Cristina de Middel (born 1975) is a Spanish documentary photographer and artist living and working in Uruapan, Mexico.
De Middel self-published The Afronauts in 2012, a photobook about the short-lived Zambian space program in Southern Africa. The book quickly sold out and the work was met with critical acclaim. She was nominated for the 2013 Deutsche Börse Photography Prize for
The Afronauts.
In 2013, de Middel received the Infinity Award from the
International Center of Photography. In 2017 she became a nominee member of
Magnum Photos and in 2019 an associate member.
Source: Wikipedia
Cristina de Middel investigates photography’s ambiguous relationship to truth. Blending documentary and conceptual photographic practices, she plays with reconstructions and archetypes in order to build a more layered understanding of the subjects she approaches. Working from the premise that mass media is reducing our real understanding of the world we live in, De Middel responds to an urgency to re-imagine tired aesthetic tropes and insert opinion in place of facts.
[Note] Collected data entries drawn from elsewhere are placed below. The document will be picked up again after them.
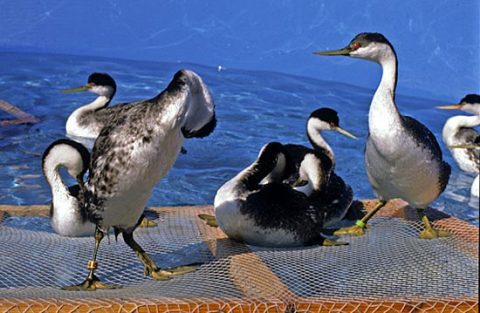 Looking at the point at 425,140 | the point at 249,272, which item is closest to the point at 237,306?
the point at 249,272

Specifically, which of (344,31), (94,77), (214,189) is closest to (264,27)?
(344,31)

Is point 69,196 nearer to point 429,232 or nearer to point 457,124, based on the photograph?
point 429,232

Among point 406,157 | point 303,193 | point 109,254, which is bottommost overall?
point 109,254

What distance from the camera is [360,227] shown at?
189 inches

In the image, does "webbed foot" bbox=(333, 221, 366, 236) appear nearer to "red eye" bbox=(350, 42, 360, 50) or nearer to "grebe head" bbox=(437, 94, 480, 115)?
"red eye" bbox=(350, 42, 360, 50)

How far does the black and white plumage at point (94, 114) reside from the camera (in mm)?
8516

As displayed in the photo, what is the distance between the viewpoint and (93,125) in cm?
855

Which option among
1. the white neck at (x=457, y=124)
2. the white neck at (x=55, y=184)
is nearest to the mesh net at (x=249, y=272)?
the white neck at (x=55, y=184)

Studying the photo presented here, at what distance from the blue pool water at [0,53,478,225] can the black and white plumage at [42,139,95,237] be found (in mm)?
2366

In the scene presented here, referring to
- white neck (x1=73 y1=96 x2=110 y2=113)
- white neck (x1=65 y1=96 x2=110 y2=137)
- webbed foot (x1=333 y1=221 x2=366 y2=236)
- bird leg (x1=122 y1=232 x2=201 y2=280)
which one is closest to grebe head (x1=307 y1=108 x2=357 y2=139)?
webbed foot (x1=333 y1=221 x2=366 y2=236)

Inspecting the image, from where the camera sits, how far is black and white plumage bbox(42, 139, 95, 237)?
4.57 meters

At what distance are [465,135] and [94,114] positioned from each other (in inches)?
165

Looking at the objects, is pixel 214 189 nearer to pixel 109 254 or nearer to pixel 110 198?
pixel 109 254

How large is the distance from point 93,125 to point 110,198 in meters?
5.21
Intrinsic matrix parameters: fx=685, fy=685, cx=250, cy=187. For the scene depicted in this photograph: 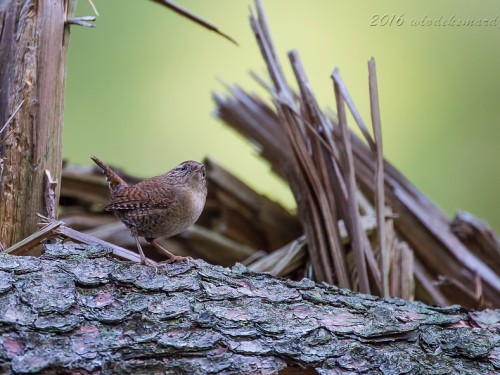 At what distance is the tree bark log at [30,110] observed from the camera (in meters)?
2.20

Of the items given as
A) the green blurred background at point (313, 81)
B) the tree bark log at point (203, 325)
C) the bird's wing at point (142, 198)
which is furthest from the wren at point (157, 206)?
the green blurred background at point (313, 81)

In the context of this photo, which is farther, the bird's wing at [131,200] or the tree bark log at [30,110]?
the bird's wing at [131,200]

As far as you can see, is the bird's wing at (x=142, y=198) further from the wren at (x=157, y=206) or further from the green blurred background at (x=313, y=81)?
the green blurred background at (x=313, y=81)

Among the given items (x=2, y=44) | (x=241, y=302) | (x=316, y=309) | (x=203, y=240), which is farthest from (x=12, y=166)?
(x=203, y=240)

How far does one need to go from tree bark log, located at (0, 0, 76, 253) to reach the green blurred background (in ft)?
7.90

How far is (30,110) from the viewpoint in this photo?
222cm

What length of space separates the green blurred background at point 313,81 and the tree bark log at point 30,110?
2.41 m

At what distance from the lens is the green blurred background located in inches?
186

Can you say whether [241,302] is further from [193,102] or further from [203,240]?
[193,102]

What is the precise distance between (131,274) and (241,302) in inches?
12.6

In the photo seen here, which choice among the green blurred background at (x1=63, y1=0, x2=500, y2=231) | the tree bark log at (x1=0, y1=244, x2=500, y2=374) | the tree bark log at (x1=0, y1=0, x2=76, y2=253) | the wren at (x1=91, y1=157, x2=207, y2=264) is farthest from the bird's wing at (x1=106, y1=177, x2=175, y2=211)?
the green blurred background at (x1=63, y1=0, x2=500, y2=231)

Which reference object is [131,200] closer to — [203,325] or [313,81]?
[203,325]

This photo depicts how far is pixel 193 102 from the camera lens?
491 centimetres

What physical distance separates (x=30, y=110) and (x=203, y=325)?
3.09 feet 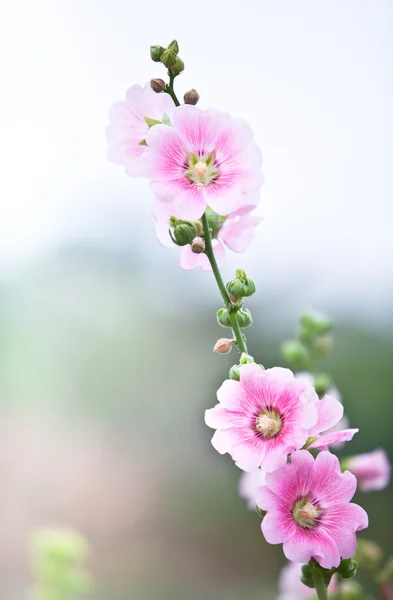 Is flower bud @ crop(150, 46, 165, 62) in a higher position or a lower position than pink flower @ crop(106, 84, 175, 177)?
higher

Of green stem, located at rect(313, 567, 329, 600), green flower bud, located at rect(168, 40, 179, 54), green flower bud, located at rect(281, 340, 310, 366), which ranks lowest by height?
green stem, located at rect(313, 567, 329, 600)

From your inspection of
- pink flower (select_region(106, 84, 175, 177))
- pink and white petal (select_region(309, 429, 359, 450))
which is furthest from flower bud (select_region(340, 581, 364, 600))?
pink flower (select_region(106, 84, 175, 177))

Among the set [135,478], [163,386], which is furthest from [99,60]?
[135,478]

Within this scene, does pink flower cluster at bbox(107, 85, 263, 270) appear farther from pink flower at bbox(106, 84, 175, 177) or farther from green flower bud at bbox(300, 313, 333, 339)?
green flower bud at bbox(300, 313, 333, 339)

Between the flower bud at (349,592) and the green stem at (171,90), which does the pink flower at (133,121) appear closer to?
the green stem at (171,90)

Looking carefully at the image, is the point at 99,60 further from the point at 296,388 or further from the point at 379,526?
the point at 296,388

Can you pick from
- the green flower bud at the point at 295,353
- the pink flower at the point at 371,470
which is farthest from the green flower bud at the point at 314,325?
the pink flower at the point at 371,470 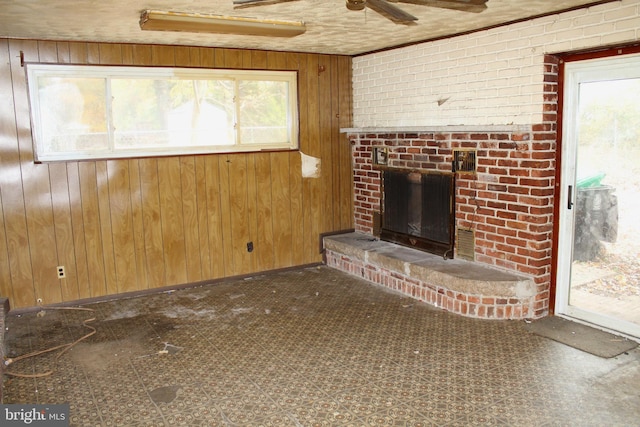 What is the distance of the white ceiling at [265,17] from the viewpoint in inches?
131

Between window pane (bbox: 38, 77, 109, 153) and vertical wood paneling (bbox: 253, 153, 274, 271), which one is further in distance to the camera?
vertical wood paneling (bbox: 253, 153, 274, 271)

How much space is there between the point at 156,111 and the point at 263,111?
1082 millimetres

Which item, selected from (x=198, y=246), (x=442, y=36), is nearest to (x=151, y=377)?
(x=198, y=246)

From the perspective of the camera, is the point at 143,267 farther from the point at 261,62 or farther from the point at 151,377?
the point at 261,62

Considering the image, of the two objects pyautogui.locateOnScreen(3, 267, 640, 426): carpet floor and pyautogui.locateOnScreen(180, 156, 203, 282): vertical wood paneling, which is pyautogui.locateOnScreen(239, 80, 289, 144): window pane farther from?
pyautogui.locateOnScreen(3, 267, 640, 426): carpet floor

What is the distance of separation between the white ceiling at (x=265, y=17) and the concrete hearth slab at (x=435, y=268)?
196 cm

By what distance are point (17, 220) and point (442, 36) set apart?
398 cm

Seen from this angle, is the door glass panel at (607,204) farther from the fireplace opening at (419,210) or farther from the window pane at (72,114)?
the window pane at (72,114)

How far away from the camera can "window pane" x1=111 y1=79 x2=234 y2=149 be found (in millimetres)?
4742

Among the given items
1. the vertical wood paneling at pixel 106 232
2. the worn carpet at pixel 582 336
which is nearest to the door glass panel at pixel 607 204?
the worn carpet at pixel 582 336

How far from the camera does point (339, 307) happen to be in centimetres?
450

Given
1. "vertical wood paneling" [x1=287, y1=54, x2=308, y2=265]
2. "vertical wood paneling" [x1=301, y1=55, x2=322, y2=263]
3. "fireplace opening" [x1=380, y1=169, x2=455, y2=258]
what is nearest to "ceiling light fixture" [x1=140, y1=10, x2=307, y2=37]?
"vertical wood paneling" [x1=287, y1=54, x2=308, y2=265]

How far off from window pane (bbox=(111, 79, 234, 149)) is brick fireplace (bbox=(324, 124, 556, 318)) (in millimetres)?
1837

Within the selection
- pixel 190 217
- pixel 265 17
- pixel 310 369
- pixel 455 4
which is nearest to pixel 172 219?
pixel 190 217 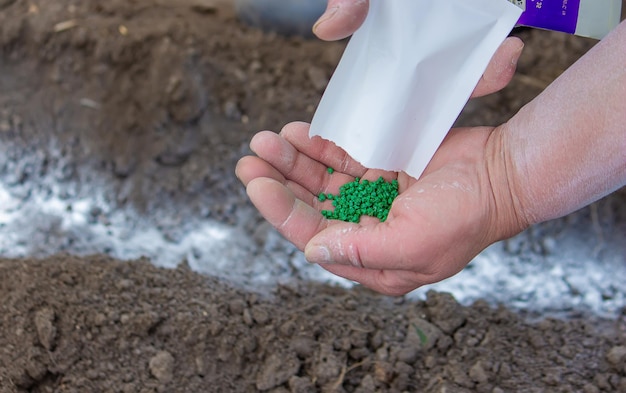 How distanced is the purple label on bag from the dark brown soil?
2.35 ft

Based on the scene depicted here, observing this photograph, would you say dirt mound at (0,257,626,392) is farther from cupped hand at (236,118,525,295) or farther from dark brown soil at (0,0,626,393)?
cupped hand at (236,118,525,295)

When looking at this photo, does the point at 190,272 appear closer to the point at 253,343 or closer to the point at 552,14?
the point at 253,343

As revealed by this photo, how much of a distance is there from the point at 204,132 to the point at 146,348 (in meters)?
1.10

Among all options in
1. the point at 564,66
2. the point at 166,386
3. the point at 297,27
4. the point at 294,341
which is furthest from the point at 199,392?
the point at 564,66

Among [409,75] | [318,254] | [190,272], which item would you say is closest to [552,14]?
[409,75]

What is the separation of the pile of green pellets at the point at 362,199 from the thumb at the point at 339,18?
36cm

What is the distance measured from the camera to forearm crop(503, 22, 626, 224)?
3.99ft

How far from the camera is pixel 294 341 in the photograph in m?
1.59

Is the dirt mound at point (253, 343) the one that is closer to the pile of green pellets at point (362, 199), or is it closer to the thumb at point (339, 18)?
the pile of green pellets at point (362, 199)

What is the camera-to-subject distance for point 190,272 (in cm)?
184

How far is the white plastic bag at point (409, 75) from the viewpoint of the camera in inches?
54.4

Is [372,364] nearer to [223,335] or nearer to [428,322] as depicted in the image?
[428,322]

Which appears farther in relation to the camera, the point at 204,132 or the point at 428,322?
the point at 204,132

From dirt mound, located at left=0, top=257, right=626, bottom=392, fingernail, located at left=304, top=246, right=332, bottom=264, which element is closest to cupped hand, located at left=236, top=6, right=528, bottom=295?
fingernail, located at left=304, top=246, right=332, bottom=264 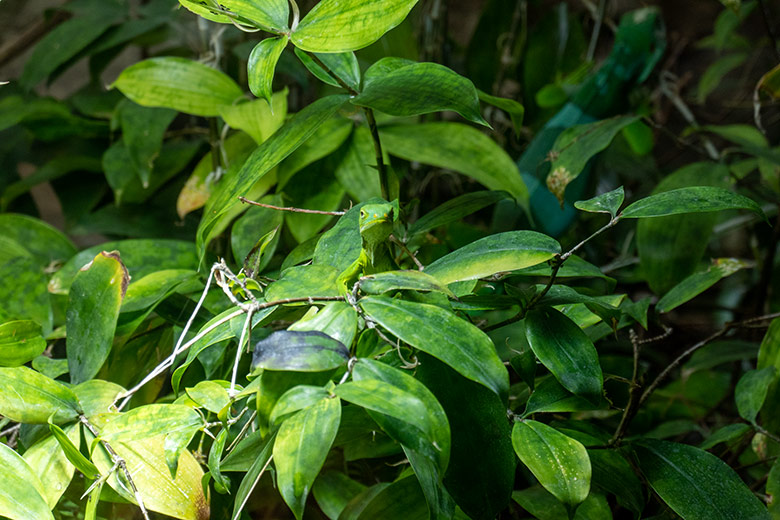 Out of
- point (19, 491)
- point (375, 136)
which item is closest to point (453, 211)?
point (375, 136)

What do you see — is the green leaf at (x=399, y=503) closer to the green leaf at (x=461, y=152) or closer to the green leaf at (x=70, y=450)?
the green leaf at (x=70, y=450)

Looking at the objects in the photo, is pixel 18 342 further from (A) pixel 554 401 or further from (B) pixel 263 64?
(A) pixel 554 401

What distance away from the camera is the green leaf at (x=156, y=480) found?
46 centimetres

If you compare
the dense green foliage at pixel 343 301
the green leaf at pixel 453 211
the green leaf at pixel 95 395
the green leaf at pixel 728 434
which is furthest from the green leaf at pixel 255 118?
the green leaf at pixel 728 434

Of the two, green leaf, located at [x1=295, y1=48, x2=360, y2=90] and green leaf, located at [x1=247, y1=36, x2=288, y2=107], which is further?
green leaf, located at [x1=295, y1=48, x2=360, y2=90]

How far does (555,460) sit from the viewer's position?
0.41 m

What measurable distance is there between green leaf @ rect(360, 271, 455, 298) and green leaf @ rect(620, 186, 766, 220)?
141 millimetres

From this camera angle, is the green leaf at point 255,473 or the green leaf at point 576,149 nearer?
the green leaf at point 255,473

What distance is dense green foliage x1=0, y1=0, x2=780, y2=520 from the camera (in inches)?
15.4

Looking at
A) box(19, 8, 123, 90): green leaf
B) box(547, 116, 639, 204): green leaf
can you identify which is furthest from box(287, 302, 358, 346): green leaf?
box(19, 8, 123, 90): green leaf

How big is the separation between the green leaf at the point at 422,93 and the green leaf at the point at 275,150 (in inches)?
1.6

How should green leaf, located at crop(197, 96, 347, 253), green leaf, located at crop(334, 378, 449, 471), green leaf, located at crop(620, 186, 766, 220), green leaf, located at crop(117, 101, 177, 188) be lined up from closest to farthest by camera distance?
green leaf, located at crop(334, 378, 449, 471) → green leaf, located at crop(620, 186, 766, 220) → green leaf, located at crop(197, 96, 347, 253) → green leaf, located at crop(117, 101, 177, 188)

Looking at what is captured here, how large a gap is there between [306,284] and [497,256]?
5.1 inches

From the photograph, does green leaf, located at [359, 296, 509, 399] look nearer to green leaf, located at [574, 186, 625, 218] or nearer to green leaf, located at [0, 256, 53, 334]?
green leaf, located at [574, 186, 625, 218] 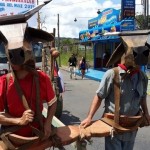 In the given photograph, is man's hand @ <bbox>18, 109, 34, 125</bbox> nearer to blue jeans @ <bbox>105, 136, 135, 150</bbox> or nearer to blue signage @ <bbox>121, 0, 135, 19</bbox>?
blue jeans @ <bbox>105, 136, 135, 150</bbox>

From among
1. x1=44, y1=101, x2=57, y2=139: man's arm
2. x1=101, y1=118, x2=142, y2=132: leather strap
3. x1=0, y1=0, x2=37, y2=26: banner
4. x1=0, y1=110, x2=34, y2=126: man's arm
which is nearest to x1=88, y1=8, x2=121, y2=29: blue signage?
x1=0, y1=0, x2=37, y2=26: banner

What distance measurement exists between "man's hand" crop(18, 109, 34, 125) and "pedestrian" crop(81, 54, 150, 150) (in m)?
0.84

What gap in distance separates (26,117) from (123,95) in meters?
1.18

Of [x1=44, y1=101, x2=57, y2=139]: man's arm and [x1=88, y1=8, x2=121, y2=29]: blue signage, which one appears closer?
[x1=44, y1=101, x2=57, y2=139]: man's arm

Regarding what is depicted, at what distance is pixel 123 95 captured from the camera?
3949 millimetres

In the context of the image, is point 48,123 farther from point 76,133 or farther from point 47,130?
point 76,133

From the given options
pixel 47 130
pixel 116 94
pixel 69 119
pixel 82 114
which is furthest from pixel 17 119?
pixel 82 114

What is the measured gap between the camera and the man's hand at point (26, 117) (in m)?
3.24

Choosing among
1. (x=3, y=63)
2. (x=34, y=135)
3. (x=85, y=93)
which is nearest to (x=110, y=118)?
(x=34, y=135)

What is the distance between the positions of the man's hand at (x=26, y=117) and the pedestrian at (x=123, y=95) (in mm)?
841

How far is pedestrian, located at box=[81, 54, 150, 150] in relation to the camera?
12.9ft

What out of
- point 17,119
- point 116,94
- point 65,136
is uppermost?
point 116,94

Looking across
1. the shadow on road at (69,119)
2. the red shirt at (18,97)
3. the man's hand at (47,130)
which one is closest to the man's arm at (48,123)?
the man's hand at (47,130)

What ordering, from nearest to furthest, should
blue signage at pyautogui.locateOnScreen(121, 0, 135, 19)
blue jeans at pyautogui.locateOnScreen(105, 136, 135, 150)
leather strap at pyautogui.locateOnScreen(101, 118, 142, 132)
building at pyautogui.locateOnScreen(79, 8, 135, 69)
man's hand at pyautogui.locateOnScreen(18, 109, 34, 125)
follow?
man's hand at pyautogui.locateOnScreen(18, 109, 34, 125), leather strap at pyautogui.locateOnScreen(101, 118, 142, 132), blue jeans at pyautogui.locateOnScreen(105, 136, 135, 150), blue signage at pyautogui.locateOnScreen(121, 0, 135, 19), building at pyautogui.locateOnScreen(79, 8, 135, 69) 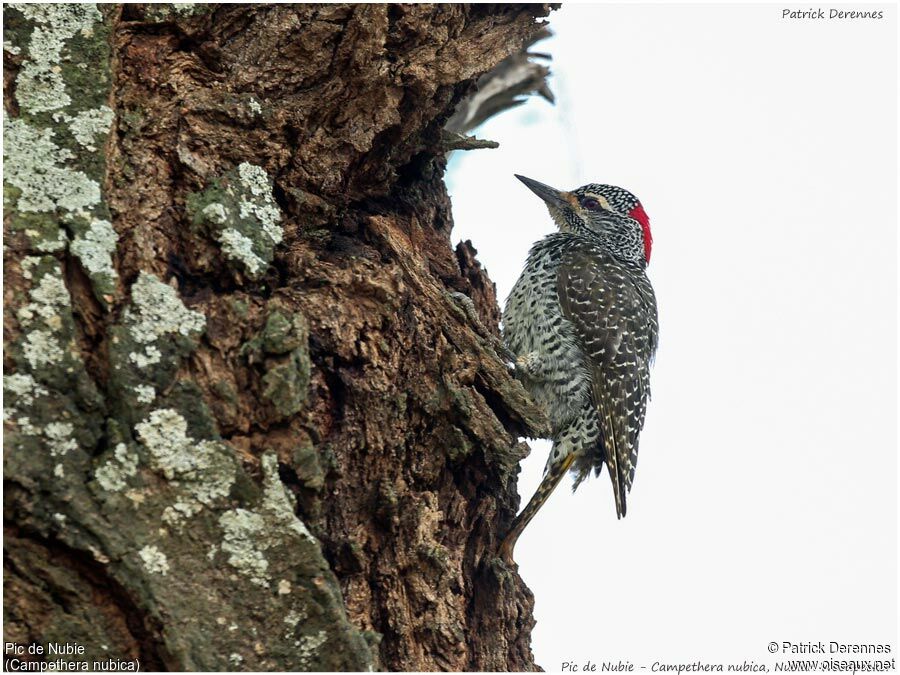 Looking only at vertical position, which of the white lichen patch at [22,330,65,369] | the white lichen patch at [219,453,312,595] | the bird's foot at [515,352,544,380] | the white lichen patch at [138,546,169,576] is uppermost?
the bird's foot at [515,352,544,380]

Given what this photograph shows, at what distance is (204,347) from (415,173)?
1714 mm

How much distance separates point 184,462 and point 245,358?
0.38m

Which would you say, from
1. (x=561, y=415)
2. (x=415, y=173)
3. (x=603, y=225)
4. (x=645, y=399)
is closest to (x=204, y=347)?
(x=415, y=173)

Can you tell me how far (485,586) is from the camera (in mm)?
3385

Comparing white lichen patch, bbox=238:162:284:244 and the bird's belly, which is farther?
the bird's belly

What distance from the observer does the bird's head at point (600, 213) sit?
6.44 m

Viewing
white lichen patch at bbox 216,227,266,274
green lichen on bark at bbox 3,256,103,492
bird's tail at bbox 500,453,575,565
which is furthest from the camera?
bird's tail at bbox 500,453,575,565

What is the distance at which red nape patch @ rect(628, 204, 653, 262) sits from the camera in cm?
666

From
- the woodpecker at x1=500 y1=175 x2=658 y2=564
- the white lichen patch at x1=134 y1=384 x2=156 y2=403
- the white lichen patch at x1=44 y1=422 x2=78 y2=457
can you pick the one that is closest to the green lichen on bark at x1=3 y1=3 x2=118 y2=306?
the white lichen patch at x1=134 y1=384 x2=156 y2=403

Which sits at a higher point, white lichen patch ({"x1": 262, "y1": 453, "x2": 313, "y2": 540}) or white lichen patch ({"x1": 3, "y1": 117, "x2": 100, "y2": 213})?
white lichen patch ({"x1": 3, "y1": 117, "x2": 100, "y2": 213})

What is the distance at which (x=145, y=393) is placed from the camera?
248 centimetres

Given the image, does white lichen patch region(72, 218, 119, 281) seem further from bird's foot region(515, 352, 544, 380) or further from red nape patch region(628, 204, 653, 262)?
red nape patch region(628, 204, 653, 262)

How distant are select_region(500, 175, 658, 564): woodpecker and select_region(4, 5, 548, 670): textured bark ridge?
1.43 meters

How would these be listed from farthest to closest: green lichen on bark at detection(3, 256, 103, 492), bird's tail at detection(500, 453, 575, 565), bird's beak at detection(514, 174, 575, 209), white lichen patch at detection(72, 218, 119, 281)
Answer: bird's beak at detection(514, 174, 575, 209) → bird's tail at detection(500, 453, 575, 565) → white lichen patch at detection(72, 218, 119, 281) → green lichen on bark at detection(3, 256, 103, 492)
Her impulse for an unconventional angle developed after a 10-year career as a photojournalist when De Middel stepped outside of straight documentary and produced the acclaimed series
The Afronauts (2012). It explored the history of a failed space program in Zambia in the 1960s through staged reenactments of obscure narratives, challenging the traditional depiction of the African continent.
De Middel’s ongoing project
Gentleman’s Club (which began in Rio de Janeiro in 2015 and has now expanded to every continent around the globe bar Australasia) focuses on prostitution’s less documented side: the male clients. Her intimate portraits of these men subvert the paradigms of the status quo to provide new sources of insight and understanding. As well as her acclaimed personal projects, De Middel has worked on commission for clients including The Nobel Peace Foundation, Christian Dior, Vanity Fair USA, Vogue USA and FC Barcelona.
De Middel was born in Spain and is based between Mexico and Brazil.
She became a Magnum nominee in 2017.